Hi, i'm pretty new to Power Query (although loving it already) and i've come across this error a few times when Removing columns. Some times starting the query again has resolved it (probably as it is referencing another query that had been amended) but i've tried that a few times to no avail. 

This particular query is a reference to another query that contains a few custom columns. The new query only has a few stages - a couple of column filters and then a few sorts followed by the offending step which is removing all the unnecessary columns. The Sort step does involve some of the then removed columns but i'm not sure if this is causing the problem? Unfortunately google isn't really helping on this error!


----------



## Matt Allington (Aug 7, 2015)

I had e same error yesterday.
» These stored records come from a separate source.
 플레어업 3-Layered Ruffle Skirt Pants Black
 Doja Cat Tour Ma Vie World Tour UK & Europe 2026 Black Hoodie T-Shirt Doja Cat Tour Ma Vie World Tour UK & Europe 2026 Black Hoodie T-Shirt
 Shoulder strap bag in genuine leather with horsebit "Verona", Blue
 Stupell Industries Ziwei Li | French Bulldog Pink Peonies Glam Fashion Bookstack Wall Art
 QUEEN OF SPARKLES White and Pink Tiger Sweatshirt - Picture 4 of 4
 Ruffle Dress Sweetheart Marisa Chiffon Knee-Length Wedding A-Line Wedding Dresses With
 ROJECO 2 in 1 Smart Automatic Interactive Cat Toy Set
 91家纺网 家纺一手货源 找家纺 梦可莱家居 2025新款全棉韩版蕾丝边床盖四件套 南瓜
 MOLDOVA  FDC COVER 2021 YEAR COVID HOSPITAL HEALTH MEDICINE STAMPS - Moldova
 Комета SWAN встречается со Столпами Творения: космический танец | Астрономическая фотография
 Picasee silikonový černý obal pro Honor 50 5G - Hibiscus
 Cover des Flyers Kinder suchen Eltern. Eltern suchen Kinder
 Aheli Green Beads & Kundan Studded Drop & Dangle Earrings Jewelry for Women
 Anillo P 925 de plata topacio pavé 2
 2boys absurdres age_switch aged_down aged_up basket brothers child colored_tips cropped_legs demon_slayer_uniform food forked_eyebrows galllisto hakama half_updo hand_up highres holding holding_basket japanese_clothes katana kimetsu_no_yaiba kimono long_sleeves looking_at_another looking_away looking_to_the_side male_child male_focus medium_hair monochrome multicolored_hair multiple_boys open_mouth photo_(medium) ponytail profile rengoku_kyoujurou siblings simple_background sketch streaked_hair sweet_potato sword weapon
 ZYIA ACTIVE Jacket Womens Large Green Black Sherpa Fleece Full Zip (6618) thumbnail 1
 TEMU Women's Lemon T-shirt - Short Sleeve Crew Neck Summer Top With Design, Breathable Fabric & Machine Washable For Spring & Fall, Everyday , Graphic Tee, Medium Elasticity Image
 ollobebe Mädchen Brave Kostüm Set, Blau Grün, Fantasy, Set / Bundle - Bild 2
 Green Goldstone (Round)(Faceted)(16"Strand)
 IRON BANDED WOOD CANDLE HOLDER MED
I sent a frown to the dev team and they responded. I think it is a bug. I suggest you send a frown too as t may help them fix the problem


----------



## k_haj (Dec 12, 2017)

I got this error also and I found a solution.  My issue was with deleting columns and getting this error so I added an Index column THEN deleted the desired columns as well as the index column (last column to be deleted).  The result is a table with the fields I want and no errors.


----------



## hydromac (Apr 1, 2019)

k_haj said:


> I got this error also and I found a solution.  My issue was with deleting columns and getting this error so I added an Index column THEN deleted the desired columns as well as the index column (last column to be deleted).  The result is a table with the fields I want and no errors.



The problem occurs when the table from which we import data into the power query has at least integrity constraints with the dictionary table. When there is one connection, there is no problem. Therefore, you need to delete unnecessary connections in MS ACCESS without creating a new indexing column. Best wishes.


----------